Date Stamp



Sister

On LinkPattern, DaveSmith talked about adding digits to the link pattern. ChrisGarrod hacked the following code together on his experimental wiki. Using a single number to represent any point on the timeline made him year10k compliant years ago: http://igpp.ucsd.edu/~garrod/y10k/!

A DateStamp uses our current calendar, right now in SanDiego, it's 20030927.1358 -- That's all the digits of accuracy I can see from where I sit.
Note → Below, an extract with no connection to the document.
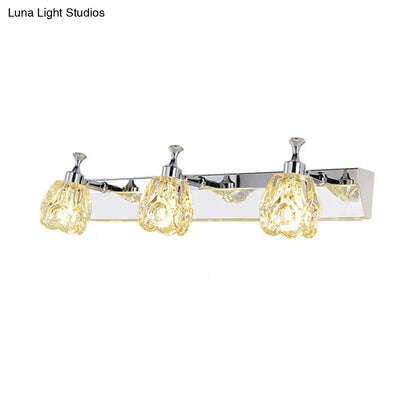 DecorBites™ DecorBites™ Chrome Vanity Light Fixture with Minimal Crystal Flower Sconce, Warm/White Light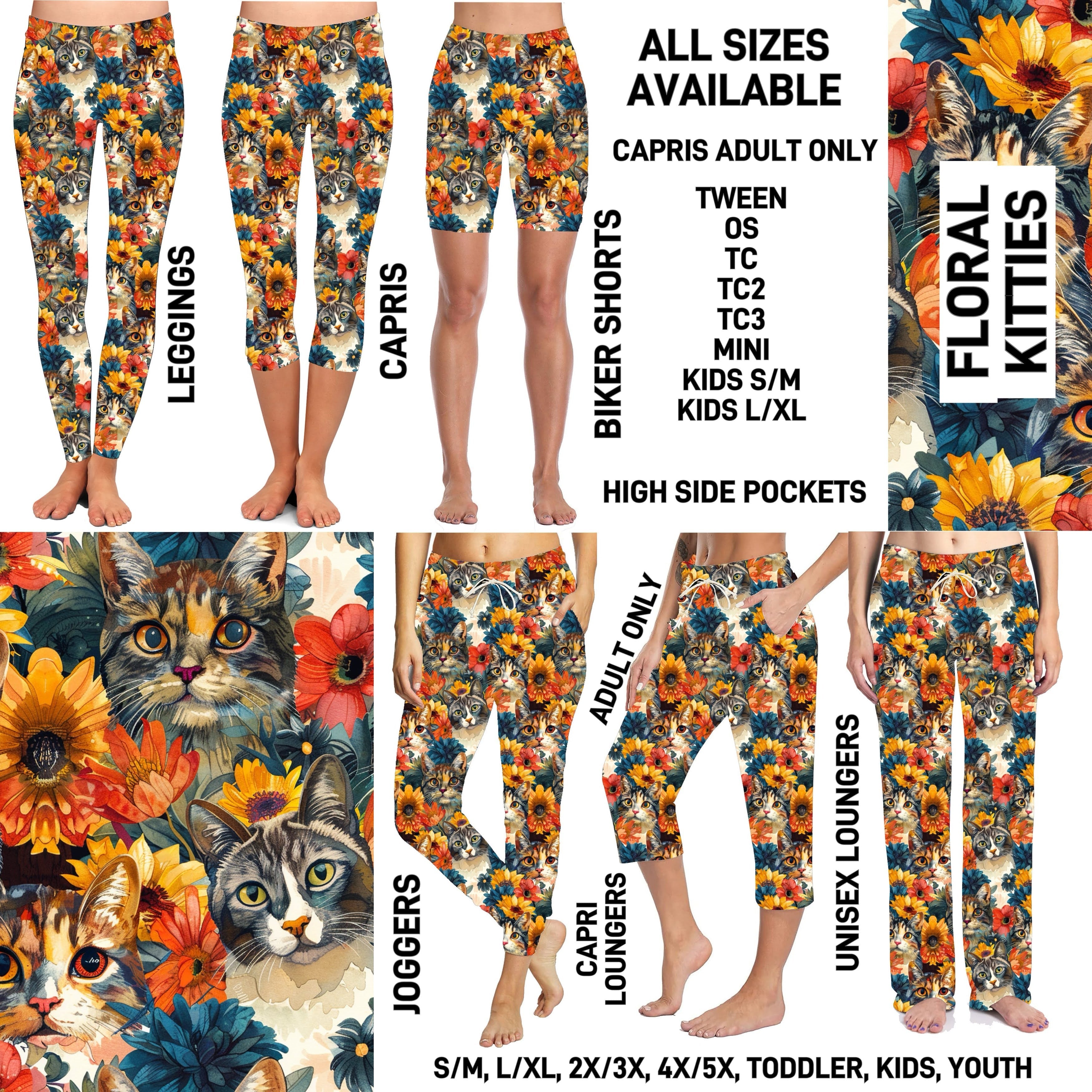 P1FT - Floral Kitties Biker/Capris/Leggings with High Side Pockets - Preorder ETA: Late Jan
The code below is ?IlliterateProgramming, it recognizes dates only between 1900 and 2000. Some times can be misrecognized as DateStamps. It also allows for every year to have a February 29th. Is there an elegant way to correct for leap year?

 $digit="[0-9]";
 $sixty="[0-5]$digit";	   # leap seconds ignored
 $seconds="$sixty$digit*";       # seconds to any precision
 $hours="[01]$digit|2[0-3]";     # 0..23
 $time="$hours($sixty($seconds)?)?";
 $AndTime=".$time";
 $ohTwo="[0-2]";
 $twelve="(0$digit|1$ohTwo)";    # allow month 00 and day 00 reasons later
 $twentynine="($twelve)$ohTwo$digit";    # all months can sometimes have 29
 $thirty="(0[13-9]|1$ohTwo)30";	  # except February
 $thirtyone="(0[13578]|1[02])31";	# and most have 31
 $MonthDays="($twentynine|$thirty|$thirtyone)";  #mmdd
 $RecentYear="(19|20)$digit$digit";
 $DateStamp="$RecentYear($twelve|$MonthDays($AndTime)?)?";
 $linkWord = "[A-Z][a-z]+";
 $Acronyms="[A-Z]{3,4}";
 $LinkPattern = "$Acronyms|($linkWord)*$RecentYear|($linkWord)*$DateStamp|($linkWord){2,20}";

I have improved this pattern several times over the past year or so, but have failed to create a sufficient suite of UnitTests -- add a few here as examples please -- ChrisGarrod -- 20030927, I have gone back to awk, it is almost always in the same place across a wide variety of unix clones.